§ EXERCISE
Make an exact copy of the lines from the one containing "Πρωτοπορεί η kit" through the end of the material, including both ends but no pictures.

§ RECORDS FOR THIS TASK

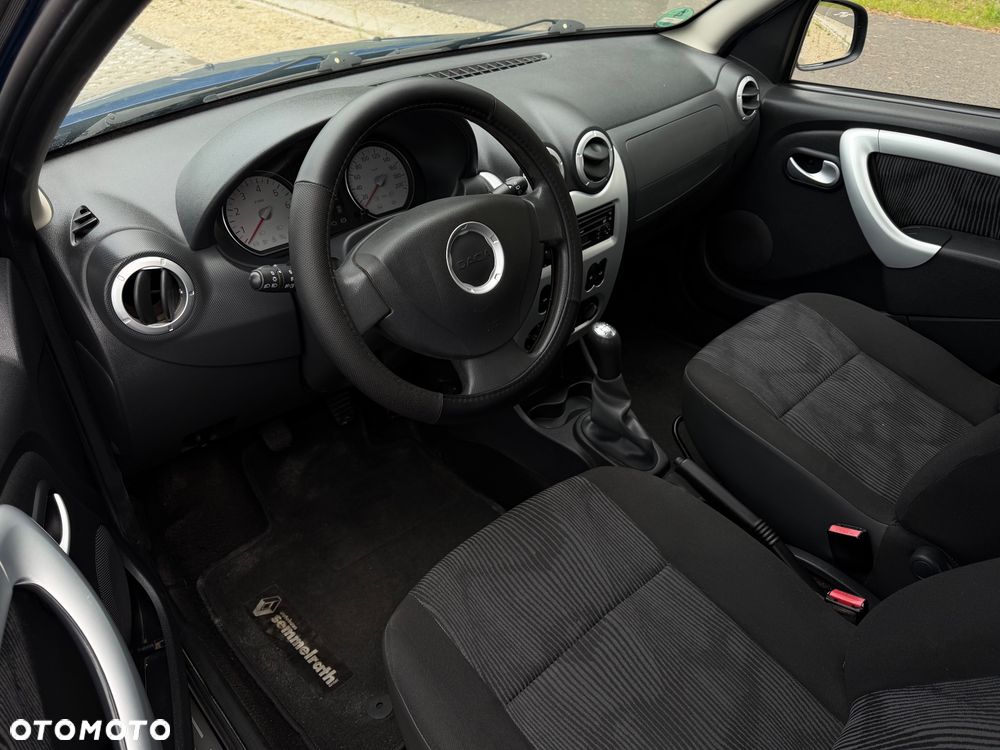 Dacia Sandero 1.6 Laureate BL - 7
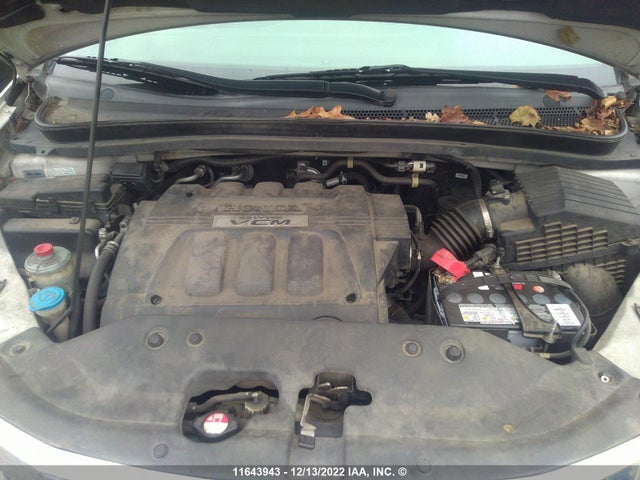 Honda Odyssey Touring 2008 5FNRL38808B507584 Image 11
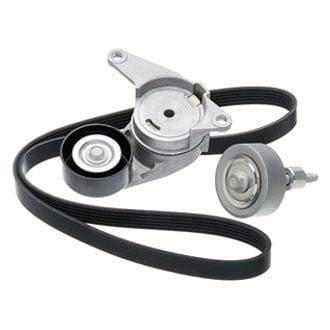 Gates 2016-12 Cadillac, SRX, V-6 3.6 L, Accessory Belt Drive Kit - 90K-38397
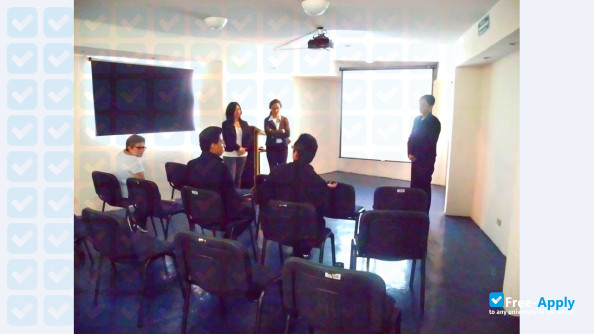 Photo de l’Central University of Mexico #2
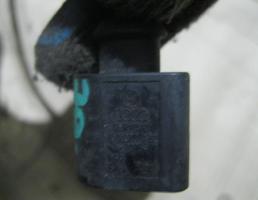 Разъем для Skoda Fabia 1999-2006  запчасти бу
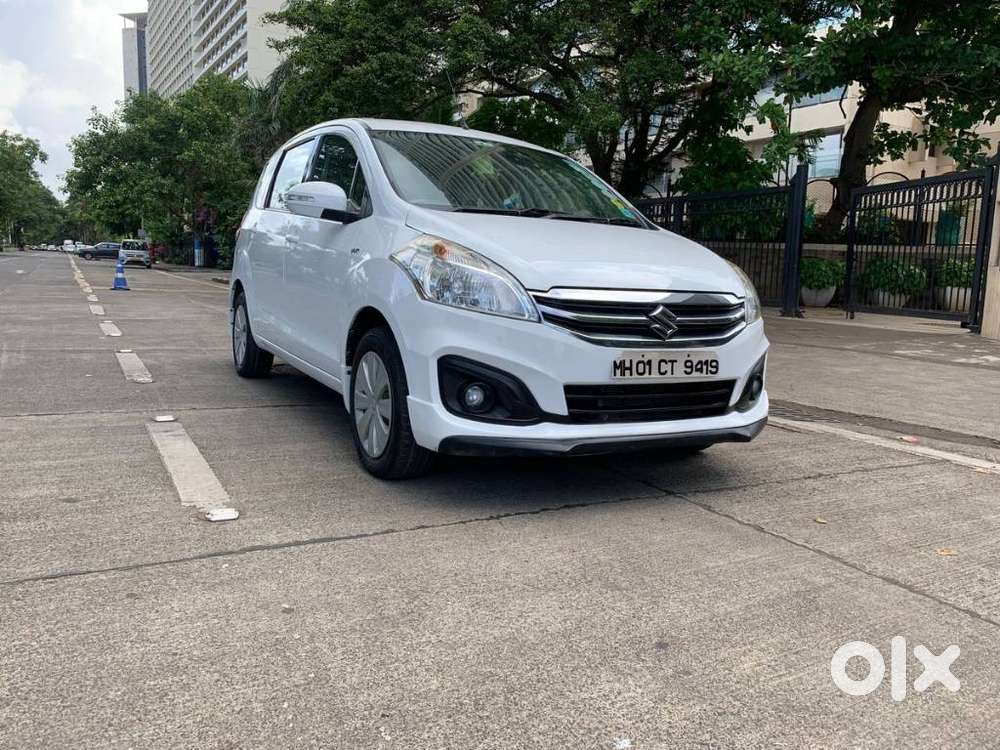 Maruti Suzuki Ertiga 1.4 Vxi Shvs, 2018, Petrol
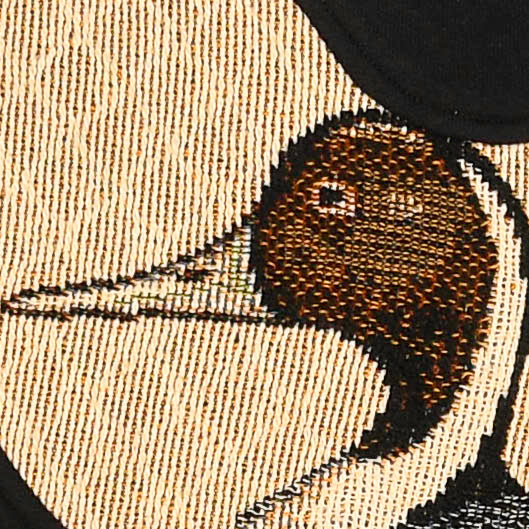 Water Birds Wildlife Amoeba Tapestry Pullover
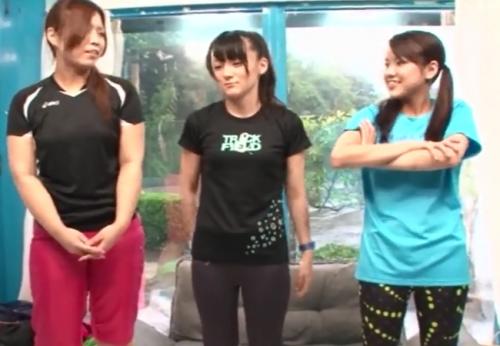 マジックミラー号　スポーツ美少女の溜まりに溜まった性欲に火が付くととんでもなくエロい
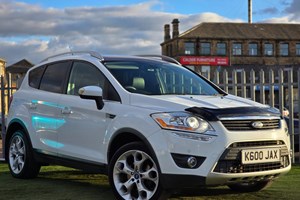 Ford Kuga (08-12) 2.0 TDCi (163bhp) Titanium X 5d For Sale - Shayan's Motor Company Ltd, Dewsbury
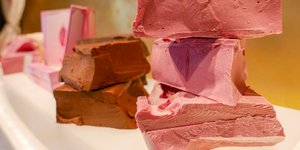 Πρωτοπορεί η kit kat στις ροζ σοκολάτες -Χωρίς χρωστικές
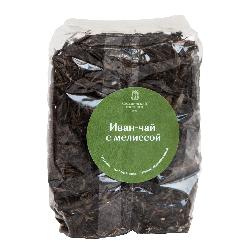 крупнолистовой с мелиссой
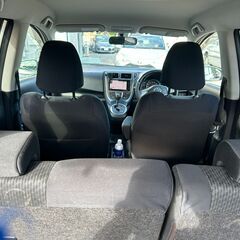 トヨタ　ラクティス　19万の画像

§ ANSWER TO THIS TASK
 Πρωτοπορεί η kit kat στις ροζ σοκολάτες -Χωρίς χρωστικές
 крупнолистовой с мелиссой
 トヨタ　ラクティス　19万の画像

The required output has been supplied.